Why can't people understand this (covid protocols and policies vs reality)

Cue Vietnam, Thailand, Uruguay.

Are you just listing places that have decent covid numbers? Don’t forget most of Africa. What I was talking about was Little_Nemo’s perfect plan and how possible it would have been to implement. Mongolia was similar to New Zealand with an early hard shutdown/travel ban.

Looking at that stringency ranking website: oddly enough Uruguay stands out as one of the least stringent in South America, fwiw.

I have no idea what you’re asking here. Yes, things are getting worse in Germany, but not nearly as bad as the US. They’re getting worse in most places, because even if one country gets it under control, people travel there from other, more idiotic, countries. As someone mentioned someplace here, it’s like having a peeing section in the pool.

Anyway, whatever it is your asking can probably be answered by a Google search done by you.

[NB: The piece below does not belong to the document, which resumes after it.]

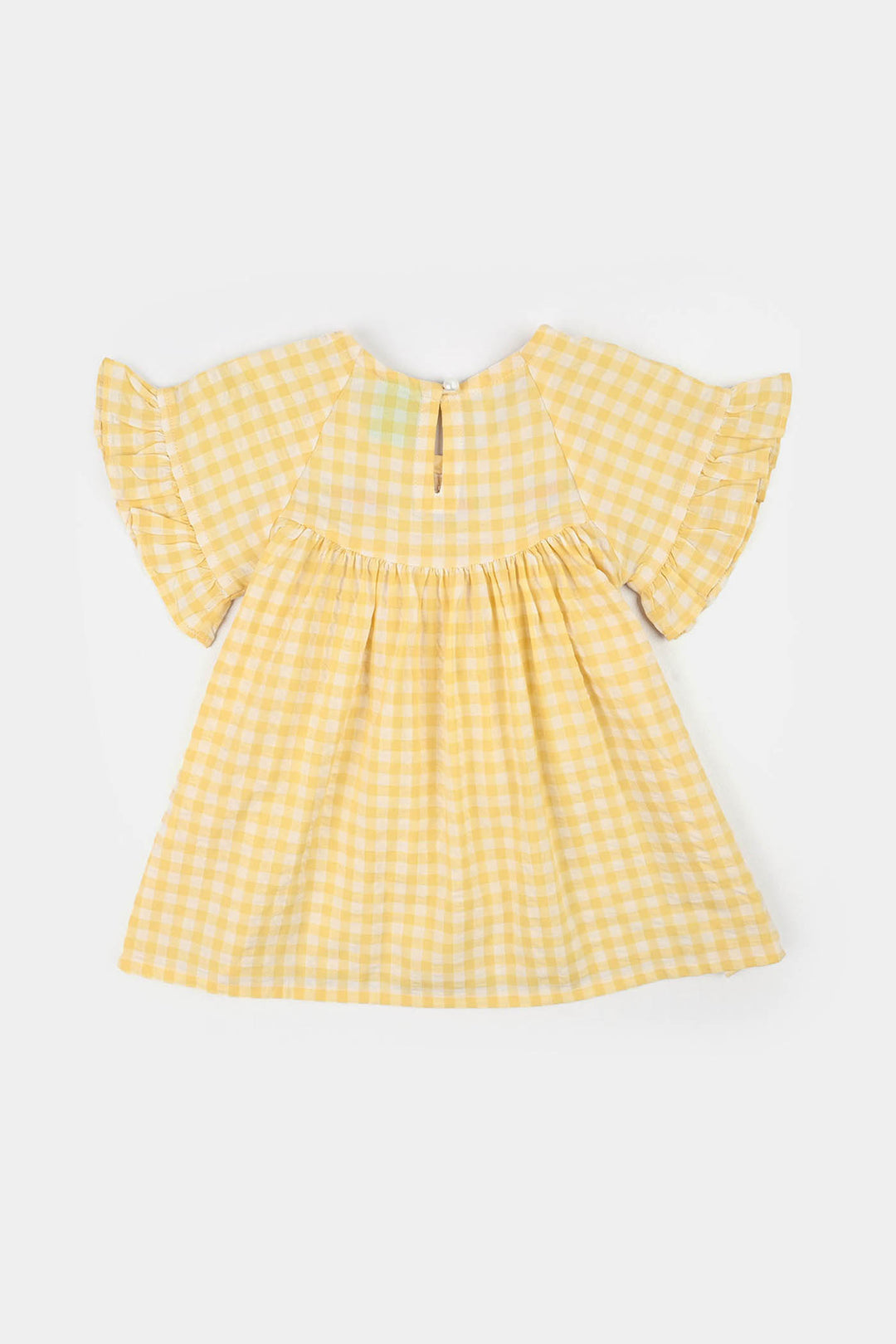 Infant Girls Poly Viscose Emb Frock Popcorn-Yellow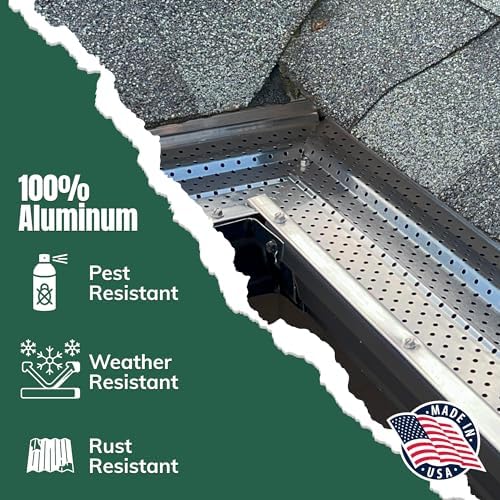 A-M Gutter Guard - Heavy Duty Lifetime Quality Aluminum Leaf & Debris Protection for 5-inch and 6-inch (6 Inch-50 Feet, Mill Finish) - Made in The USA - Image 3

Germany recorded 1200+ deaths a few days ago. Germany has about one-fourth the population of the US. If you multiply 1200+ by four, you get a number close to 5000. The number 5000 does not rate favorably compared to US daily death rates.

Now, Germany has of course not experienced numbers like that for any length of time, as the US has. At least not yet. But the shape of their curve does not look good. It does not look good at all.

I was not seeking data. I was asking you, or anyone else in the thread who thinks the whole thing can definitely be ‘managed’, to consider the trajectory Germany appears to be on.

I really wish people would acknowledge that this is about balancing different risks, and that a full and complete lockdown would likely cause more damage than Covid-19.* So any lockdown is already a balancing act of policy choices, not just science. And, we do these sorts of policy balancing all the time, including making choices we know will lead to more injuries and deaths.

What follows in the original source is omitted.